A fuel cell metal bipolar plate having a conductive corrosion-resistant carbon-based coating and a method of making the same

Abstract

This invention relates to a conductive and corrosion-resistant carbon-based coating for a fuel cell metal bipolar plate and its preparation method, belonging to the field of fuel cell technology. The conductive and corrosion-resistant carbon-based coating for a fuel cell metal bipolar plate includes a metal substrate, a metal transition layer, and a conductive and corrosion-resistant composite interlayer. The conductive and corrosion-resistant composite interlayer consists of a conductive layer, a carbon interlayer, and a corrosion-resistant layer. The metal transition layer is located on the metal substrate and is used to enhance the adhesion between the coating and the substrate. The conductive layer is deposited on the metal transition layer, and the carbon interlayer is deposited on the conductive layer to reduce internal stress within the coating.

Description

Technical Field

[0001] This invention relates to the field of fuel cell technology, specifically to a fuel cell metal bipolar plate with a conductive and corrosion-resistant carbon-based coating and its preparation method.

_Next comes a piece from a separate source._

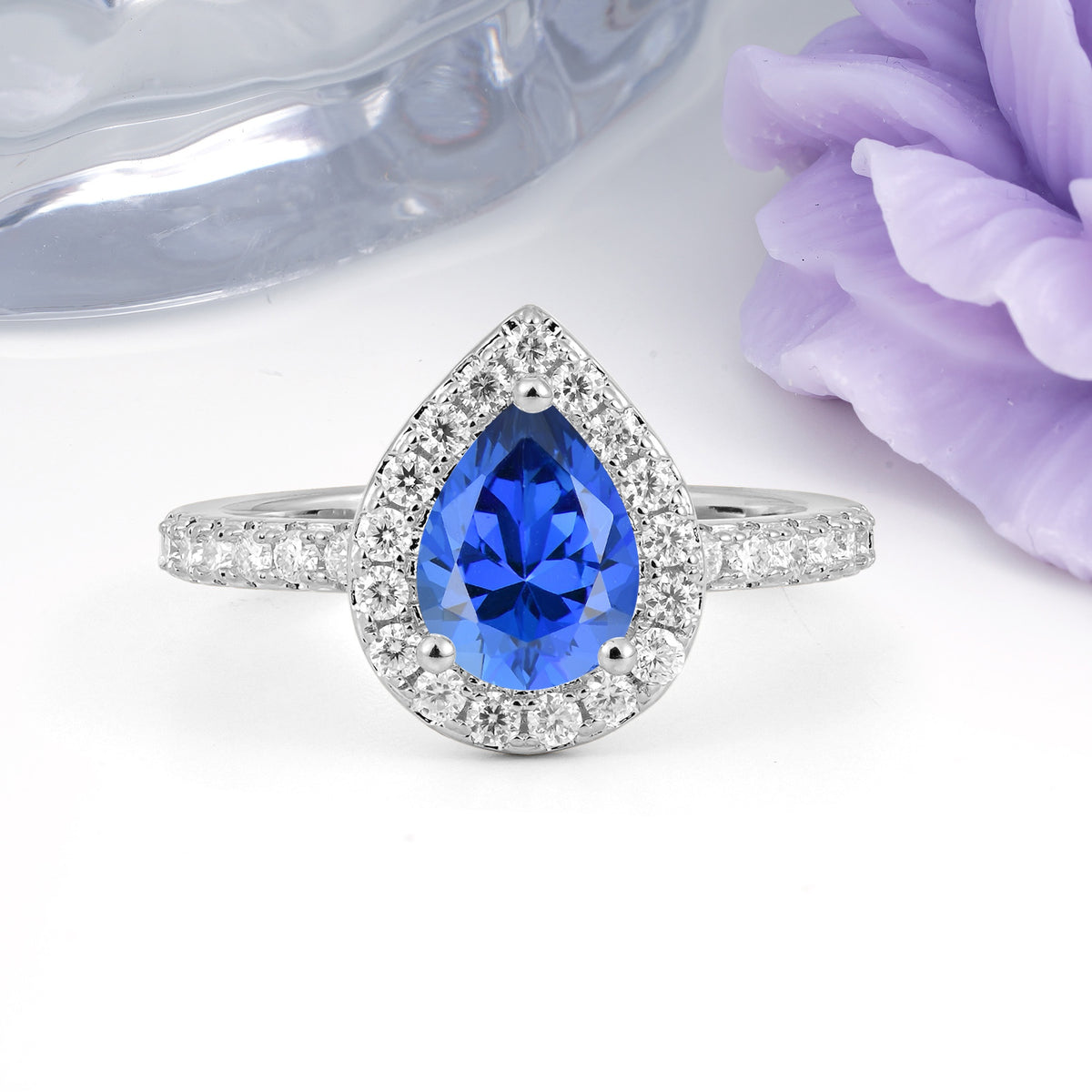 Luxurious Vintage 3 Prong Pear Cut Sapphire Engagement Ring - Additional view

Background Technology

[0002] A proton exchange membrane fuel cell (PEMFC) is an electrochemical device that generates electricity through an electrochemical reaction. As an emerging and prominent clean power source, PEMFC has advantages such as low temperature, low pressure, short start-up and shutdown time, low noise, and high efficiency. It is an important driver for building a green and low-carbon society and has great development prospects in the field of new energy.

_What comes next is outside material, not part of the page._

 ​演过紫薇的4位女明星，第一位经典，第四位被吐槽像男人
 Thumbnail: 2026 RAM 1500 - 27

[0003] Bipolar plates are crucial multifunctional components in PEMFCs, accounting for approximately 80% of the battery stack volume, 70% of the weight, and 30% of the cost. Their function includes separating reactant gases, collecting electrons generated during electrochemical reactions, and dissipating heat and waste gases. Based on the material, bipolar plates are mainly classified into graphite bipolar plates, metal bipolar plates, and composite bipolar plates. Metal bipolar plates possess advantages such as high mechanical strength, high conductivity, low airtightness, low cost, and ease of processing, making them widely used by new energy vehicle manufacturers. However, in operating environments with strong acids (pH 2-5), high temperatures (70℃), and high humidity, metal bipolar plates are highly susceptible to corrosion, and dissolved metal ions cause catalyst poisoning. Simultaneously, the passivation film on the corroded surface increases the interfacial contact resistance (ICR) between the gas diffusion layer (GDL) and the bipolar plate, reducing the stack's output power. To overcome these problems, researchers have conducted extensive research on coating technologies, such as metal carbide coatings, noble metal coatings, and conductive polymer coatings. However, the performance of existing coatings does not meet the desired performance. Summary of the Invention

[0004] To address the aforementioned issues, this invention proposes a metal bipolar plate for fuel cells with a conductive and corrosion-resistant carbon-based coating and its preparation method.

[0005] The metal bipolar plate includes: a metal substrate, a metal transition layer, and a conductive and corrosion-resistant composite interlayer; wherein, the conductive and corrosion-resistant composite interlayer is composed of a conductive layer, a carbon interlayer, and a corrosion-resistant layer in sequence, and the sp2 content of the conductive layer is greater than the sp2 content of the corrosion-resistant layer; the carbon interlayer is deposited between the conductive layer and the corrosion-resistant layer, forming an interlayer structure.

[0006] Furthermore, the metal substrate is one or more of stainless steel, titanium, and aluminum.

[0007] Furthermore, the metal material in the metal transition layer is one or more of chromium, titanium, and tungsten, and its function is to enhance the adhesion between the coating and the metal substrate.

[0008] Furthermore, the conductive and corrosion-resistant composite interlayer consists of a conductive layer, a carbon interlayer, and a corrosion-resistant layer.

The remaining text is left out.